LouTown, Evolution (And Flashback)
In St. Louis, it can feel hard to look to the future, when the echoes of the past can still be felt.
“From the Lewis and Clark expedition to the police killing of JT Michael Brown in 2014 and the launching of Black Lives Matter, many of the events that we consider central to the history of the United States occurred in St. Louis…The Missouri Compromise, the Dred Scott Case, the [American Frontier Wars], the East St. Louis Massacre in 1917, the Supreme Court decisions in the landmark civil rights cases Shelley v. Kraemer and Jones v. Mayer, Gaines v. Canada, and McDonnell-Douglas Corp. v. Green: all of these events are aspects of the history of the United States that cannot be truly understood apart from their St. Louis roots.”
The Broken Heart of America, by Walter Johnson
Living in the present in St. Louis, you can feel a direct connection to these past events through the heavy police presence, the abundance of vacant buildings, and the demolition of neighborhoods. But you can also feel a relationship with St. Louis' imperial past through the stark difference in what borders the city line: three of the nation's wealthiest neighborhoods (Town and Country, Ladue, and Frontenac). As you move through the city, there is a marked absence of Black history and culture. This feeling becomes more intense when you recognize (in a rather overwhelming way tbh) the monumentalization of whiteness embedded in the urban planning, the public space, and the preserved, historical buildings. With the past embedded so heavily in everyday living, pressing upon the needs of the present, it can feel challenging to consider how to evolve into new futures.
The track “Evolution (And Flashback)” from Gil-Scott-Heron’s Small Talk at 125th and Lenox inspires the structure of LouTown.
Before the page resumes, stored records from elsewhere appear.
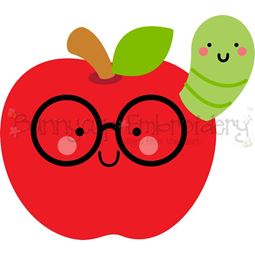 Glasses Apple And Caterpillar SVG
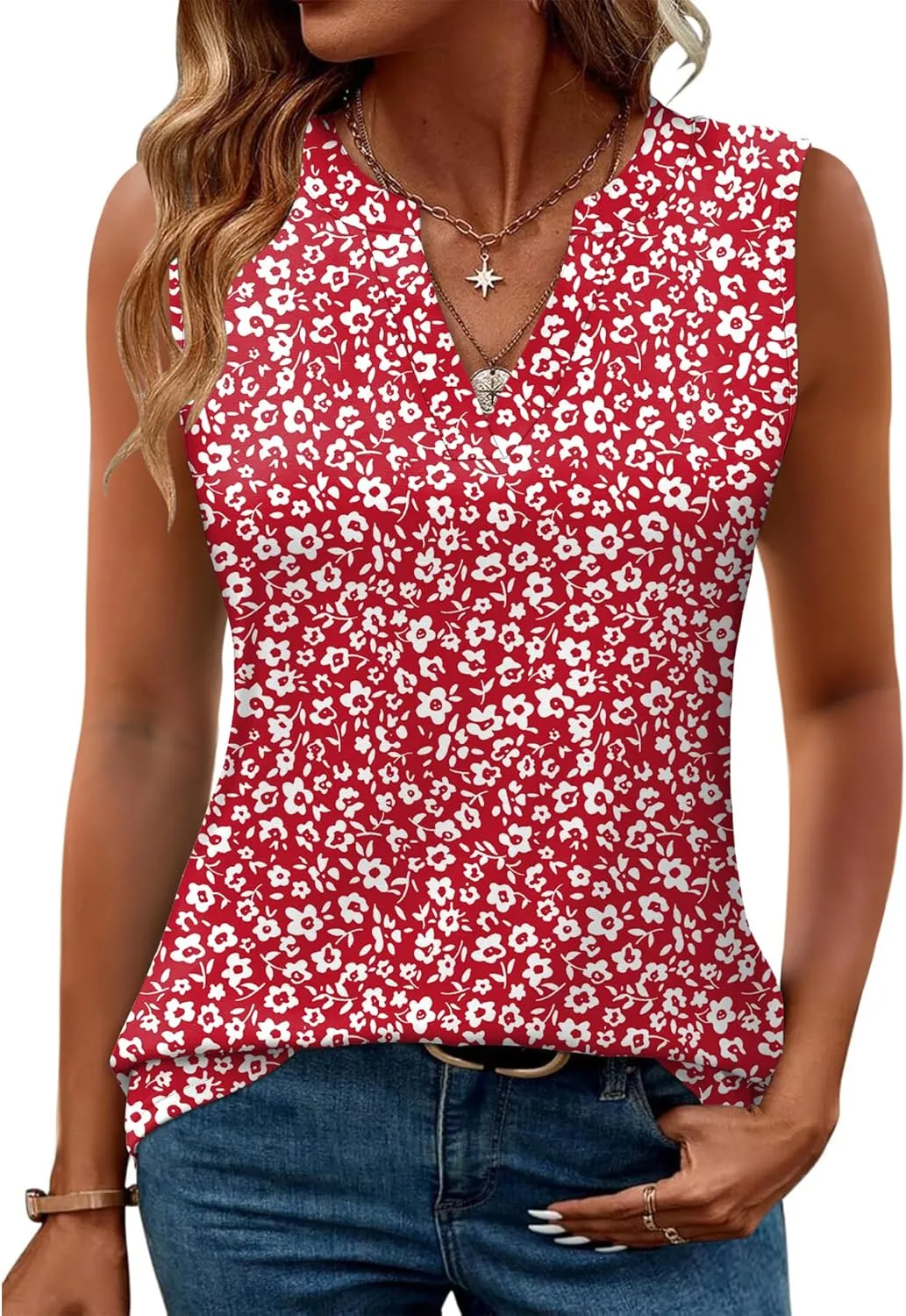 Romanstii Sleeveless Shirts for Women Casual Summer V Neck Tank Tops Dressy Blouses Tunic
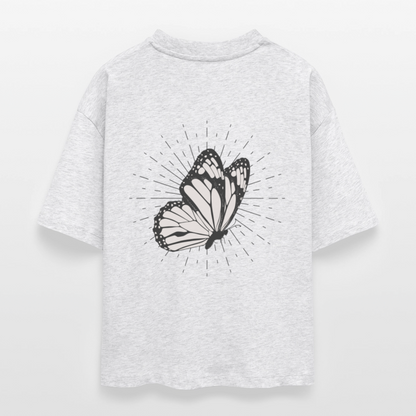 ♻️ 100% Bio Baumwolle Oversized Frauen T-Shirt - Weiß meliert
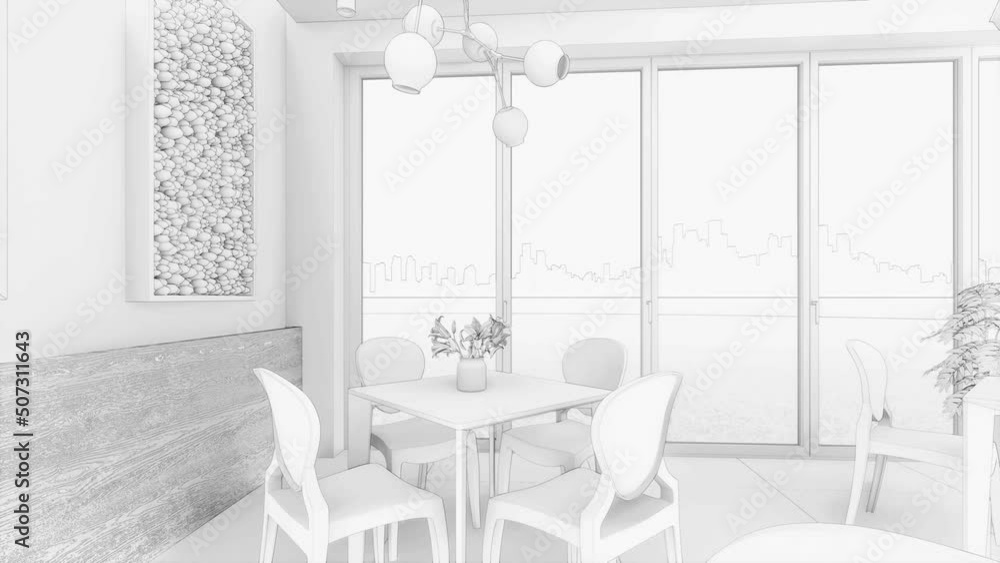 3d illustration. Sketch of a part of a cafe with tables, sofas and a window in a modern style 3d illustration. Sketch of a part of a cafe with tables, sofas and a window in a modern style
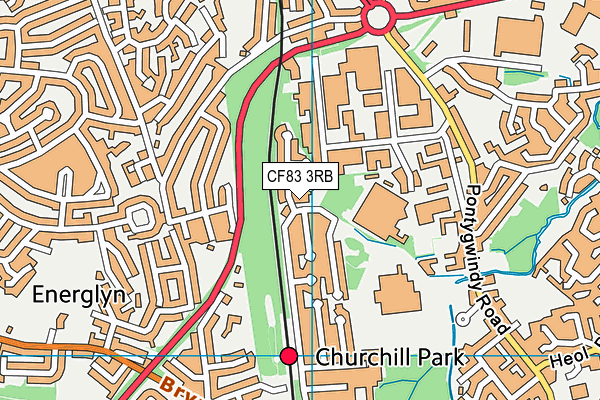 CF83 3RB map - OS VectorMap District (Ordnance Survey)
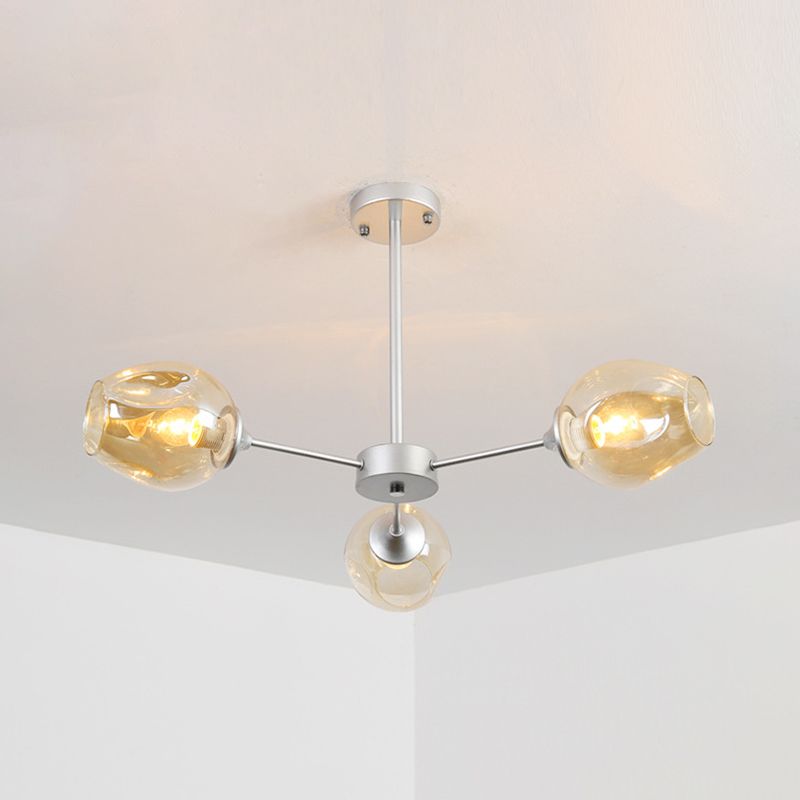 Contemporary Style 3-Light Sliver/Black Ceiling Light Sputnik Sphere Chandelier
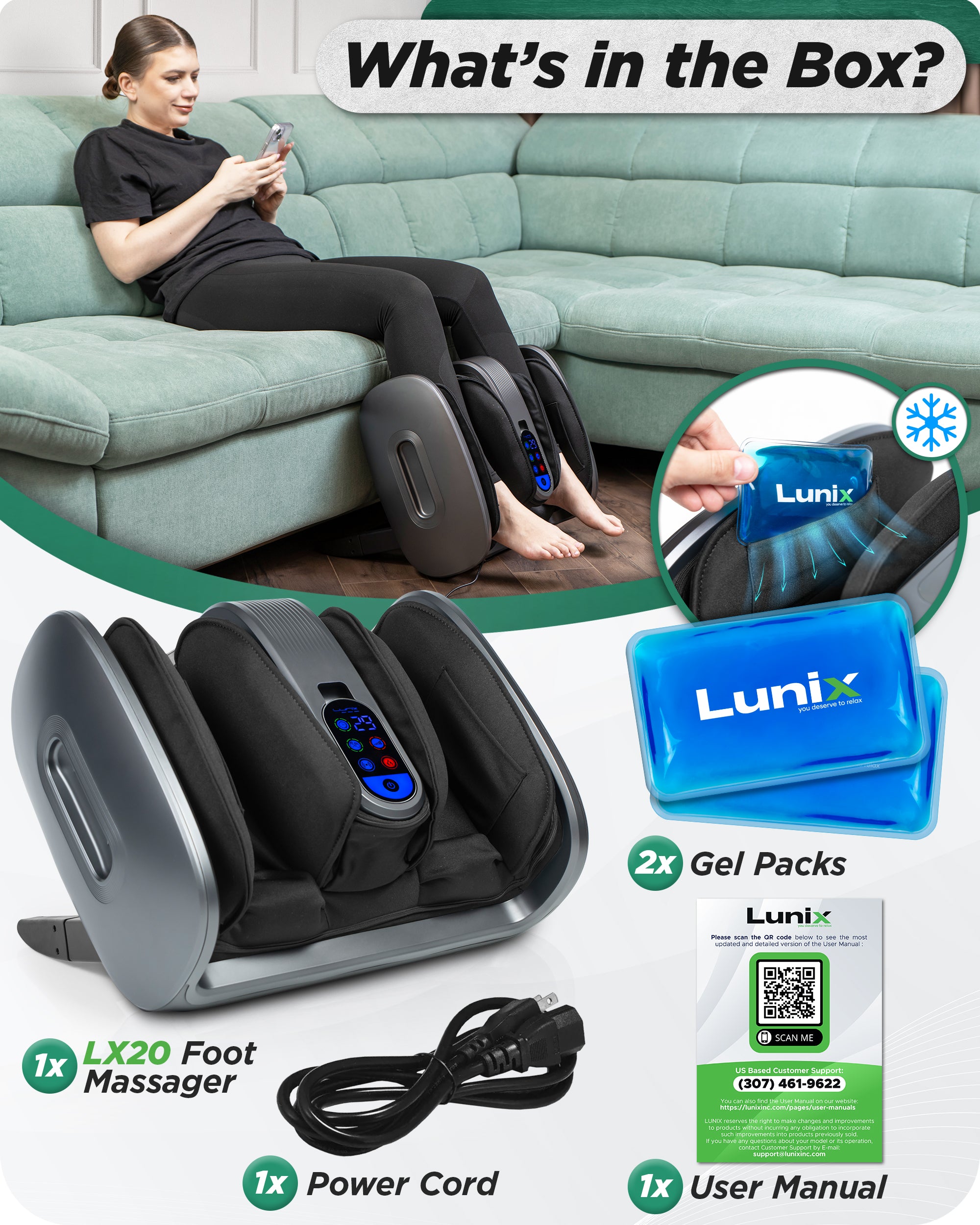 LX21 Shiatsu Foot and Calf Massager with Remote - Gray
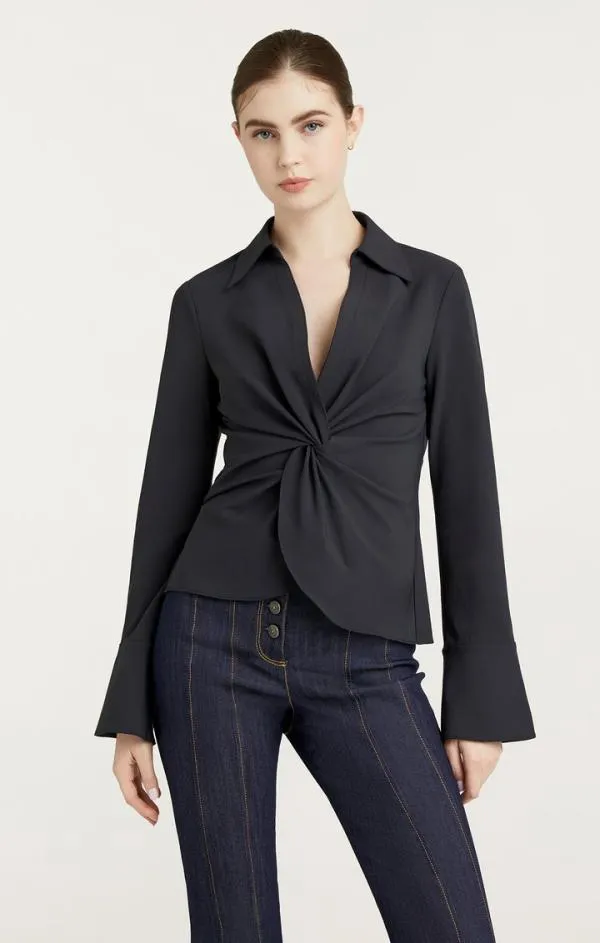 Cinq Sept Mckenna Top Black Women Long Sleeve Tops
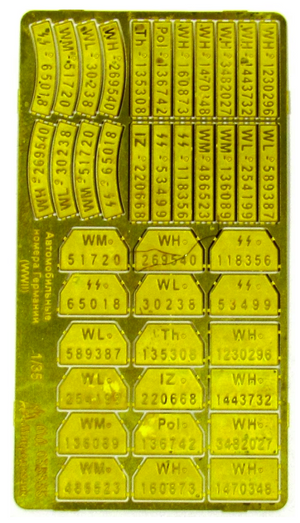 Microdesign MD 035335 German WWII License Plates 1/35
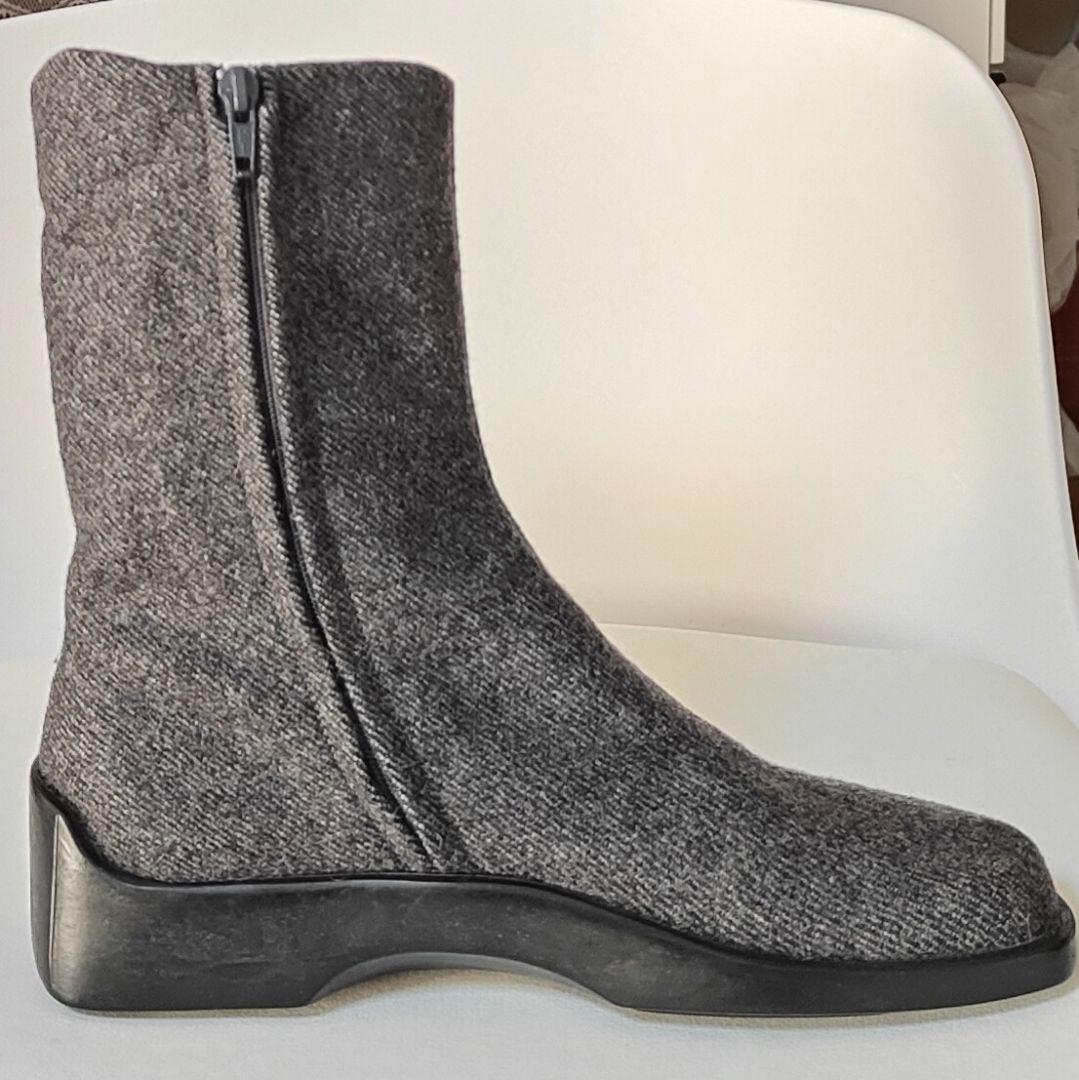 PRADA プラダ　ブーツ　ウール　サイドジップ　グレー　36 23cm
Much like how the song’s composition interjects the poem “Flashback” within the poem “Evolution,” the film begins and ends with recent footage from mid-2022, bookending archived footage from 2017 and 2018.
The core of LouTown is the flashbacks that look back to the past: personal and communal moments living and making in St. Louis between 2014 and 2017. Those dates may have different meanings elsewhere, but to speak of those years as signposts in St. Louis invokes the murder of Michael Brown by Darren Wilson in 2014 and the acquittal of officer Jason Stockley in 2017. During this time, we as artists, even though some of us were not involved in organizing, felt the need to participate in activism. Even as the city has moved through these events, this period can still be seen, heard, and experienced in the new work and evolved practices of present-day St. Louis artists.
This brings into focus the moments of evolution documented more recently in 2022, the beginning and end of the film which depicts two artists: painter Savis Davis Austin and dancer Jordan McDaniel. They create freely and with the resources immediately available to them. Their movement now, on the rooftop and the canvas, stands in contrast to the stillness of De Nichols, Julisa Powell, Emmanuel Gamble, Bria Kelly, and Tyler Small as they have their hands up in 2017. Both qualities of movement, the evolution and flashback, define a type of St. Louisan artist who is deeply connected to and inspired by their neighborhood to attend to the present and move forward. Whether that neighborhood is Benton Park West, Forest Park, Hyde Park, Old North, or Midtown, there is a unique St. Louisan spirit for artists to simultaneously contribute as both artists and activists, an impulse that evolved in the years between 2014 and 2017.